#### THE RECORDS ####

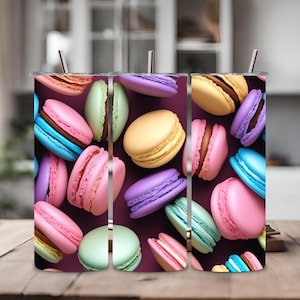 Puede incluir: Cuatro vasos de acero inoxidable con un patrón de macarons coloridos. Los vasos tienen un fondo morado y presentan macarons de varios colores, incluyendo rosa, azul, amarillo y verde.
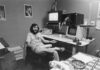 A man with long hair and a beard sits in a cluttered office, smiling near vintage computer equipment with monitors and papers. The workspace has scattered items, posters on the wall, and a cup on the desk.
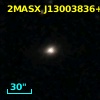 2MASX J13003836+0704533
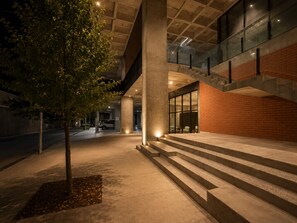 An outdoor area with steps leading to a building entrance, a tree, and a parked car. - Arena Vive El Parque Apartamentos  (Monterrey)
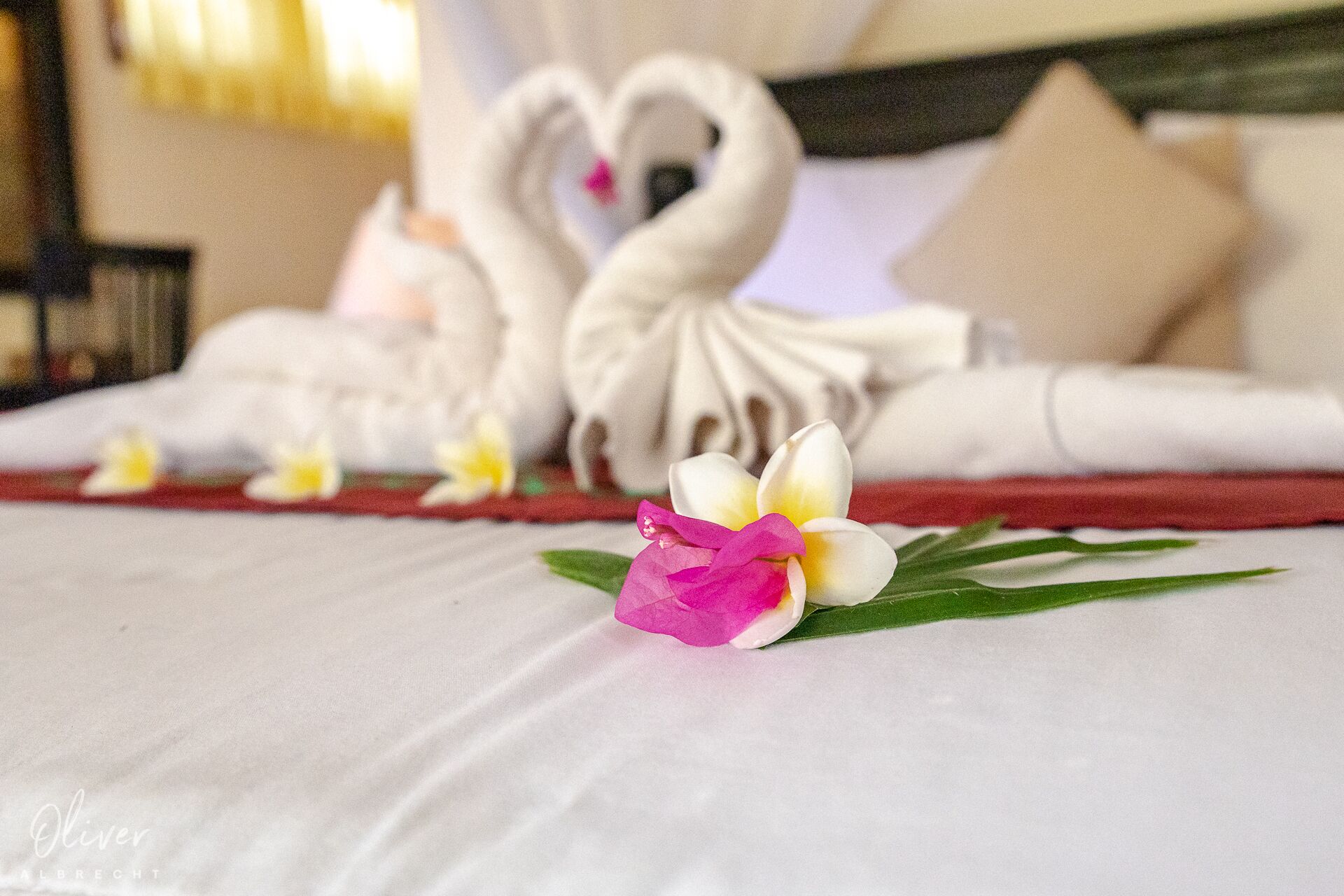 A bed with a heart-shaped towel arrangement and a flower decoration.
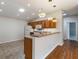 Kitchen features a breakfast bar and updated lighting fixtures at 1667 Osprey Ave, The Villages, FL 32162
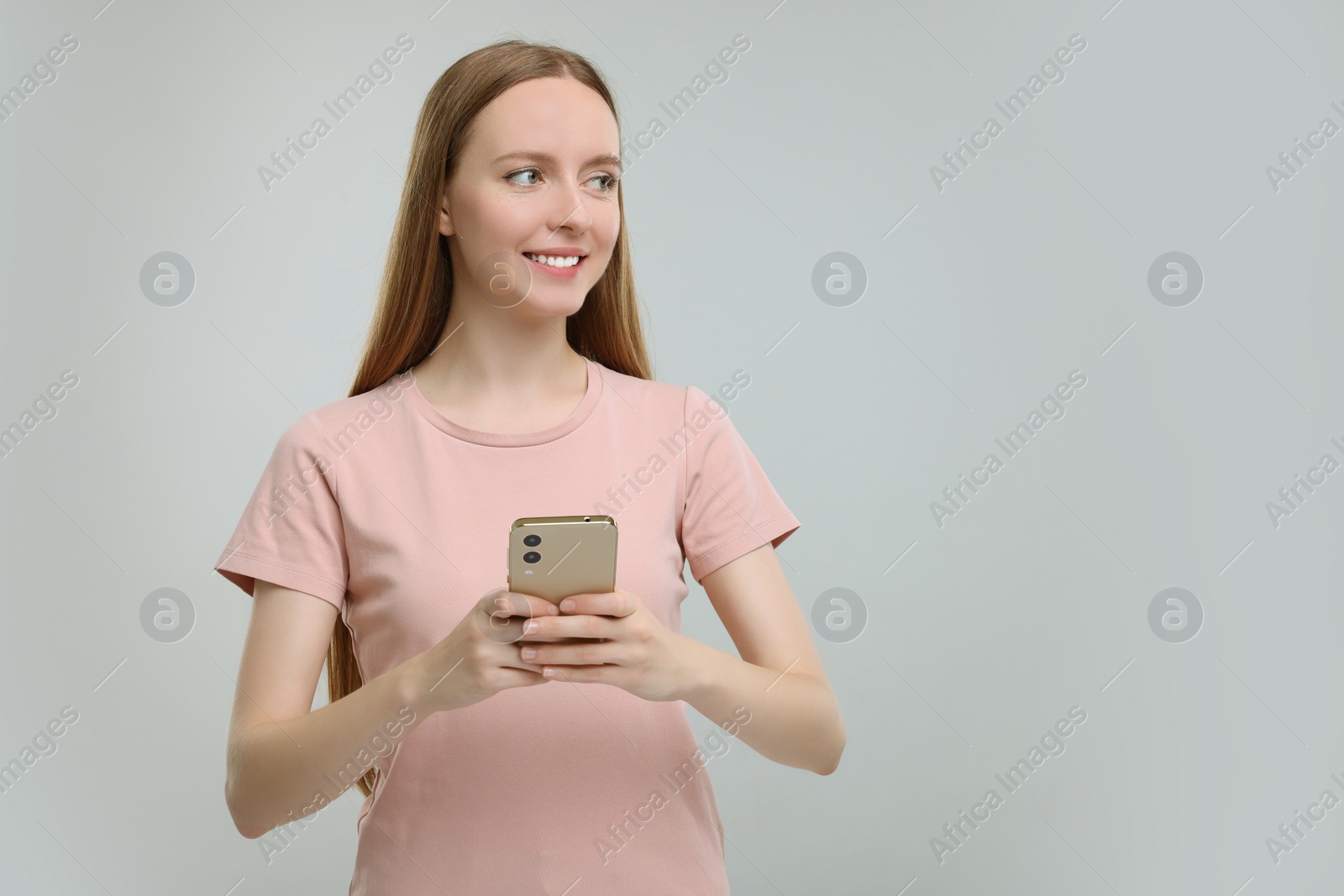 Photo of Woman sending message via smartphone on grey background, space for text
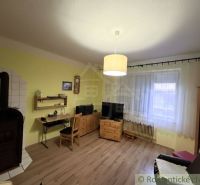 Living room with tiles, wooden furniture, and a floor with a wood design.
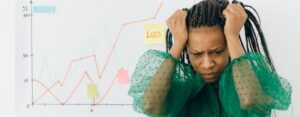 women pulling at hair with profit and loss chart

####

**TASK ITEM:**
Line by line and exactly, reproduce the span from the line with "Kitchen features a" through the end of the data above, both ends included, with pictures left out.

**REPLY TO THE TASK:**
 Kitchen features a breakfast bar and updated lighting fixtures at 1667 Osprey Ave, The Villages, FL 32162
 Photo of Woman sending message via smartphone on grey background, space for text
 Living room with tiles, wooden furniture, and a floor with a wood design.
 women pulling at hair with profit and loss chart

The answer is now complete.